3C’est donc dans la seconde moitié du ier siècle av. J.-C. que l’on verra éclore la grande époque des monnayages poliades. Cette éclosion est très différenciée, et le Maghreb oriental de plus vieille tradition urbaine, présente une bien plus grande variété iconographique que l’ouest de la région, plus tard venu à l’économie monétaire. L’ensemble de ces émissions poliades du Maghreb a l’avantage de nous présenter un tableau assez clair des diversités régionales à la fin de la République et au début de l’Empire. À l’est, on retrouve la confluence des apports d’Alexandrie, de Cyrène puis de Rome, qui viennent se greffer sur les traditions puniques locales. Suivant la proximité ou l’éloignement des centres d’hellénisation et de romanisation, suivant la force de la tradition punique, on voit alors se différencier les monnayages de Tripolitaine, qui restent fortement marqués par la tradition sémitique, ceux de Byzacène, déjà davantage romanisés, et ceux de Zeugitane, souvent simple adaptation des émissions de Rome. En Numidie, on trouve peu de monnayages poliades. La région était moins urbanisée et déjà largement monétarisée par les ateliers de Massinissa et de ses successeurs jusqu’à Juba Ier. Dans la grande Maurétanie de Juba II, les monnayages royaux assurent l’essentiel du renouveau de la masse monétaire en conjuguant la tradition avec l’exemple de l’Espagne romanisée. Les monnayages poliades y sont peu importants en Maurétanie orientale, où l’atelier de Caesarea frappe essentiellement la monnaie royale, plus affirmés en Maurétanie occidentale où des cités comme Tingi, Lixus et šmš assurent, avec des frappes émises sur le modèle gaditain, le fonctionnement des échanges locaux.
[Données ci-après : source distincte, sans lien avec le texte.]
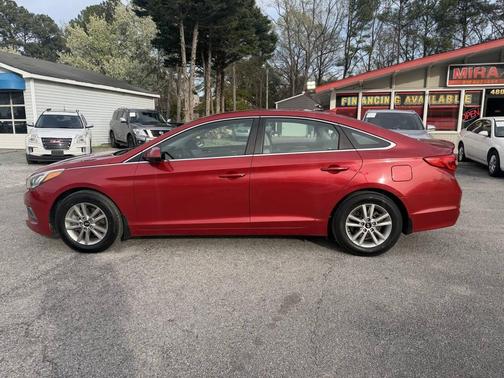 2017 Hyundai SONATA SE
4L’apport des cités à la masse monétaire en circulation entre 30 av. J.-C. et les années 30 ap. J.-C. est donc très inégal suivant les régions. Essentiel dans l’Afrique proconsulaire et la Maurétanie occidentale, il l’est moins dans la zone intermédiaire largement alimentée par les monarchies dont les capitales furent Cirta puis Caesarea.
5Compte tenu de leur importance dans certains secteurs géographiques, quelle fut la raison de la disparition des monnayages poliades ? Ils avaient peut-être déjà disparu sous Juba II et Ptolémée en Maurétanie. Pourquoi ne reprirent-ils pas après la fin de la monarchie pour suppléer à l’extinction des monnayages royaux ? Pourquoi, à l’autre extrémité du Maghreb, où leur importance est évidente, cessent-ils sous le règne de Tibère ?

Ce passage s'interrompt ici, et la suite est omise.